I have been having fun this morning, going back and looking at some of the very first posts of the early members of KB. I must say, Leslie, Betsy and Harvey were having quite a time of it. Betsy even said she would back away and not even reach "junior membership" at one point, because of some of the posts. I guess she changed her mind, and I am very glad she, Leslie, Harvey and all the other "charter" members worked so hard to make this "The" place to go for all things Kindle related. Thank you Harvey for starting this board, even if it did take you 14 months to get your first Kindle. 
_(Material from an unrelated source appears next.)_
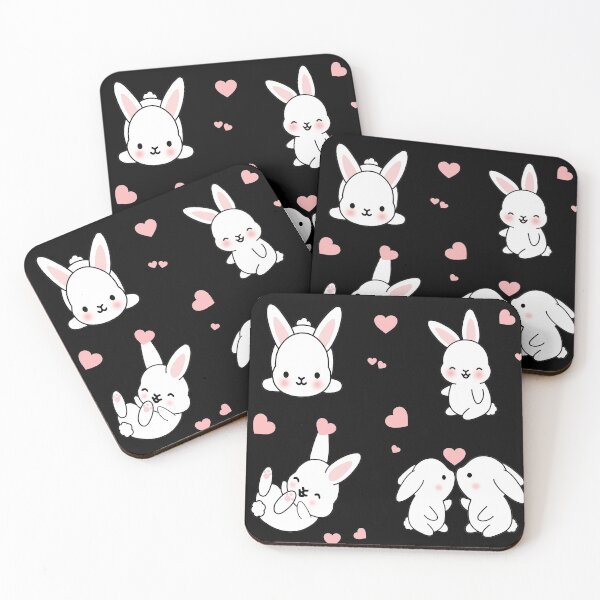Item preview, Rabbits designed and sold by freeArt10.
I neglected to mention another instrumental charter member, Pidgeon92 was also very important in getting things started her, thank you as well.


----------



## Anju  (Nov 8, 2008)

I agree intinst!  At one time though I thought Leslie worked for Amazon as she was so knowledgeable about the kindle and was so nice in answering questions, at that other place.  As far as Harvey waiting awhile to get his kindle, how many does he have now    Guess he was finally convinced it was a good thing.
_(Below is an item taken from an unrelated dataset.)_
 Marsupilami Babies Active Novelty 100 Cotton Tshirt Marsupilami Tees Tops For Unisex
Thanks Harvey, Leslie, Verena, Betsy, Ann, Heather, and intinst (even if you are not a mod you are a valuable member here).


----------



## Vegas_Asian (Nov 2, 2008)

Oh yeah I recall that late fall occurance. Lol. Oprah's discount and the the kindle BOOM! Things got snappy on the amazon forums when I was looking for advice then I found Leslie's supposed SPAM'ing (that was an issue on it's own) and found this board with quick reponses and absence of attitude.


----------



## The Hooded Claw (Oct 12, 2009)

I'm a jonny-come-lately, but I'm glad this board and its members are here!


----------



## bkworm8it (Nov 17, 2008)

Hi, 

I came on board after the Opera rush.  I didn't even know about it and paid full price  but happy to have it.  I was one of the few to get my kindle 1 about a week before they stopped shipping them and then in Feb they came out with Kindle 2.  I was a little bummed that i didn't get the choice of a K2 but I really love my K1 and don't regret not getting a k2.  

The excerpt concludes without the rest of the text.